Opinion

Andrew’s special friends

New Yorkers know all about politicians dispensing favors to their friends. But what do you do when an outfit set up to watch over the pols hands out favors of its own?

The question arises because the Joint Commission on Public Ethics has exempted NARAL New York from having to disclose its donors. NARAL is the abortion-rights group that lobbied heavily for the Women’s Equality Act pushed so hard by Andrew Cuomo.

By law, lobbying groups in New York must disclose their sources of income, including the names of all donors. But the ethics commission can grant exemptions to any group that shows its contributors might be endangered by having their names made public. That’s what the commission did for NARAL.

Two things stand out about the NARAL exemption. First, NARAL was the only group in the state to qualify. Second, the exemption was granted before the commission had set out a policy for exemptions.

Which is why Senate GOP leader Dean Skelos accused the ostensibly independent — but Cuomo-controlled — ethics watchdog of playing politics. “If the commission is going to grant exemptions,” wrote Skelos, “the public has a right to know why.”
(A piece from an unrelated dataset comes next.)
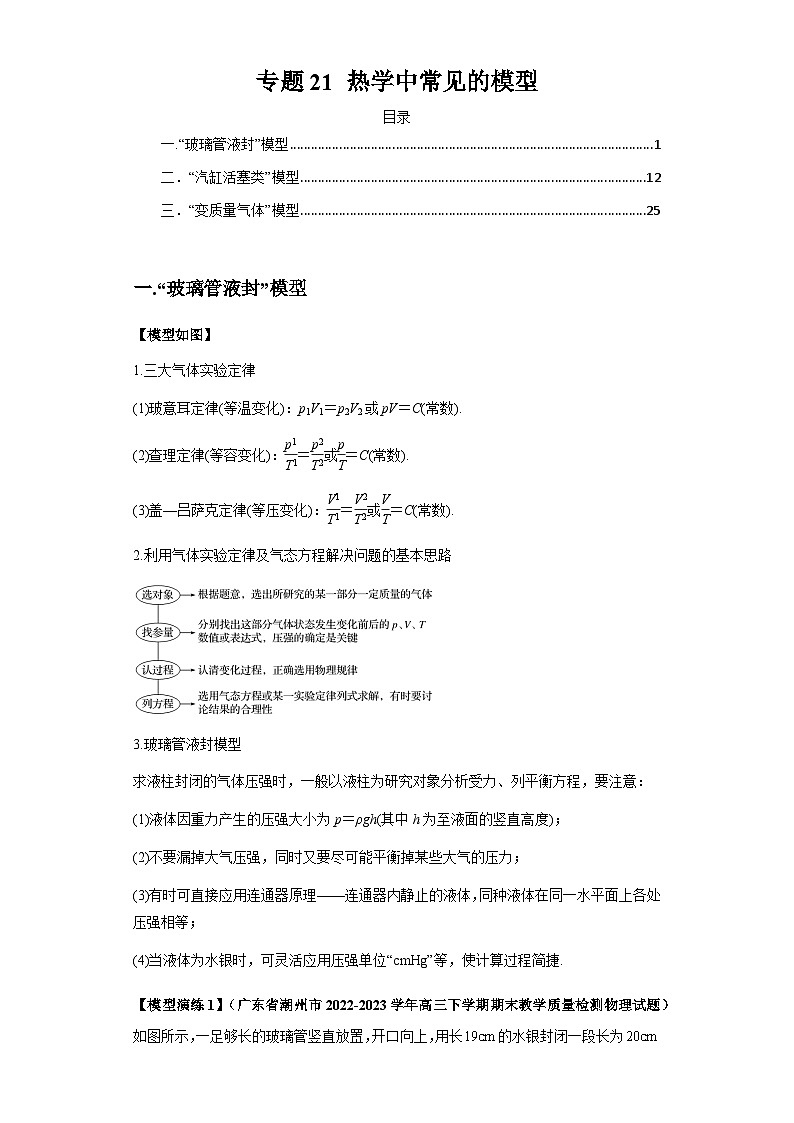 专题21+热学中常见的模型---2024届新课标高中物理模型与方法++01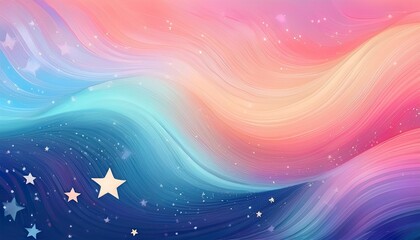 presidentsr day concept colorful wavy gradient background with stars blending soft hues of blue pink and peach for a calming and artistic effect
The thinking behind New York’s disclosure laws is based on the idea that citizens in a democracy have a right to know who’s financing high-powered political lobbying efforts. But typically these requirements are aimed at bigmoney donors, not those sending in a $100 contribution.

The flip side of the argument is that disclosure can invite harassment and intimidation. The most vivid recent example comes from the West Coast in 2008. That’s when many Californians who supported Prop 8 — a ballot proposition aimed at barring same-sex marriage — were identified by donors lists and had their livelihoods threatened.

Given that it’s generally been the conservatives who have been targeted, it’s curious that NARAL is the one group to be given legal protection here. Then again, maybe not so curious. Gov. Cuomo is under pressure from women’s groups, stemming from both his failure to get his women’s bill passed and the fallout from Assembly Speaker Sheldon Silver’s coverups of sexual-harassment cases.

As if to underscore the politics, we learned this past week that the ethics commission has now opened an investigation into a sexual-harassment complaint against Assemblyman (and City Council candidate) Micah Kellner that had also been kept secret by Silver’s office. That promises to be embarrassing for the speaker, which certainly wouldn’t displease the governor either.

When you look at who’s getting exemptions and who’s getting targeted, it sure seems the biggest ethical questions JCOPE may be raising are about its own integrity.